Why the Under-5 Limits Are So Strict
Young children learn language and social skills primarily through live, back-and-forth interaction with real people. Toddlers are beginning to understand what they see on a screen by their second birthday, but they struggle to transfer that knowledge to real life. A child can watch a character on a tablet stack blocks and still not apply that lesson when handed real blocks. Learning is most efficient when it’s interactive, in real time, and with a caregiver who responds to what the child says and does.
The Canadian Paediatric Society notes that while co-viewing quality content with an engaged adult can support learning (connecting what’s on screen to real life, building attention and memory skills), preschoolers still pick up vocabulary and expressive language best from direct conversation. There’s also an important tradeoff: even interactive screens tend to reduce the amount of parent-child interaction happening in the room, which is the single most valuable input for early development.

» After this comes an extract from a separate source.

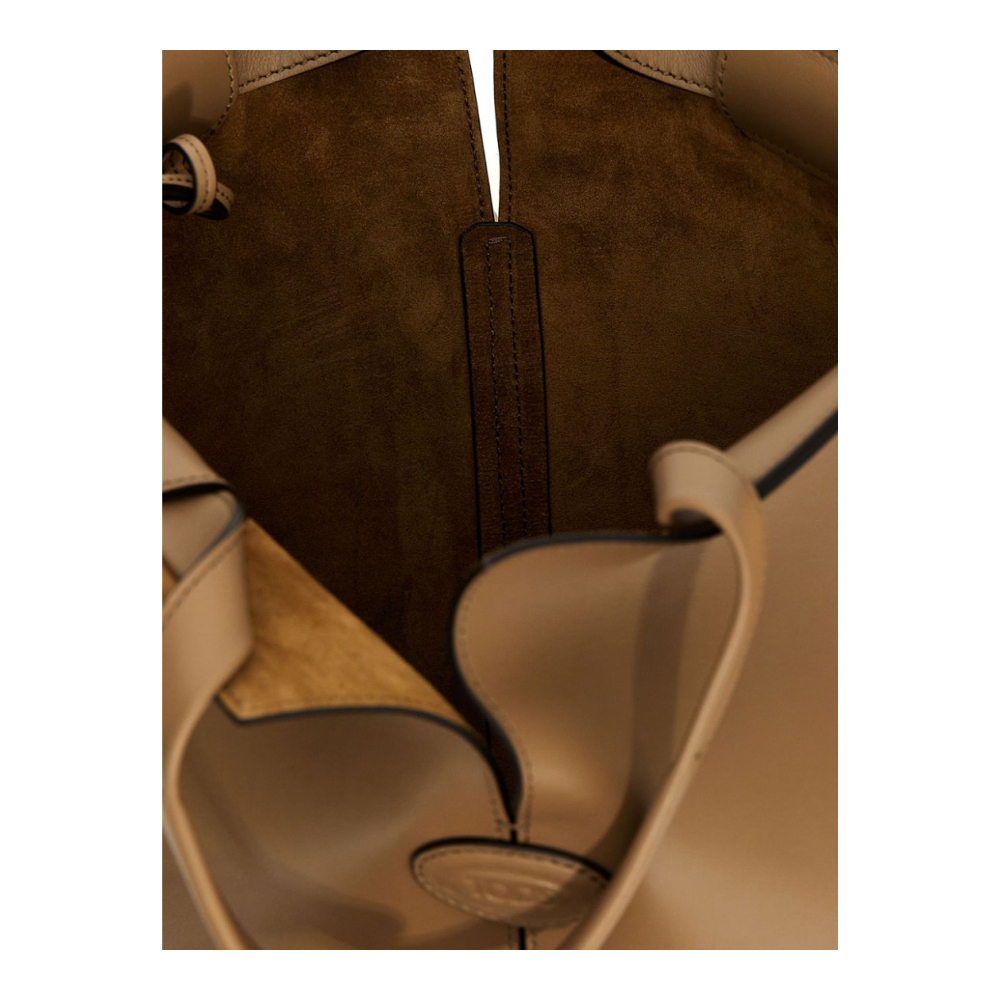 Sac Cabas 'Di Folio' pour Femmes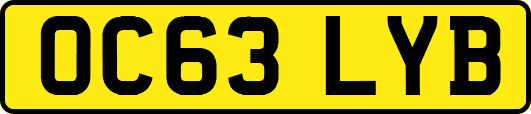 OC63LYB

Screen Time and Nearsightedness
Myopia rates in children have been climbing worldwide, and close-up screen use is one contributing factor. The most effective counterbalance isn’t reducing screens alone. It’s increasing outdoor time. Multiple studies have converged on a consistent number: at least 2 hours per day outdoors (roughly 13 hours per week) significantly reduces a child’s likelihood of developing nearsightedness. Bright natural light appears to stimulate eye development in ways that protect distance vision, regardless of how much close-up work a child does indoors.
This means outdoor time isn’t just a nice alternative to screens. It’s actively protective in a way that simply turning off the TV is not.
Making a Screen Time Plan That Works
Rather than policing exact minutes, the AAP recommends building a family media plan with clear structure. The most effective strategies focus on when and where screens are used, not just how long.
- Screen-free zones. Keep screens away from the dinner table, out of bedrooms, and off during homework. These boundaries protect sleep, family conversation, and focus without requiring you to track every minute.
- One screen at a time. Turn off devices that aren’t actively in use. Background TV counts as screen exposure even when nobody is watching it directly.
- Disable autoplay and notifications. These features are engineered to extend viewing sessions. Turning them off puts the decision to keep watching back in your child’s hands.
- Prioritize quality content. Choose apps and shows that teach, inspire creativity, or encourage social connection. Avoid content heavy on ads, violence, or material designed for older audiences.
- Build in alternatives. Add reading, outdoor play, family games, and hobbies to the plan so screens don’t fill every gap in the day by default.
- Include yourself. Kids model what they see. A family media plan works better when every member of the household follows it.
The Numbers That Matter Most
If you want a quick reference: zero for babies, under 1 hour for ages 1 through 4, and 1 to 2 hours of entertainment screen time for older kids. For teens, staying under 4 hours daily is where the sharpest mental health benefits appear. And for all ages, 2 hours of outdoor time per day protects both vision and overall well-being in ways that simply cutting screen time cannot replace.
These limits work best as starting points you adjust for your own family. A rainy Saturday movie marathon is different from 4 hours of solo scrolling on a school night. What matters more than hitting an exact number is whether screens are crowding out sleep, physical activity, face-to-face interaction, and the unstructured play that drives development at every age.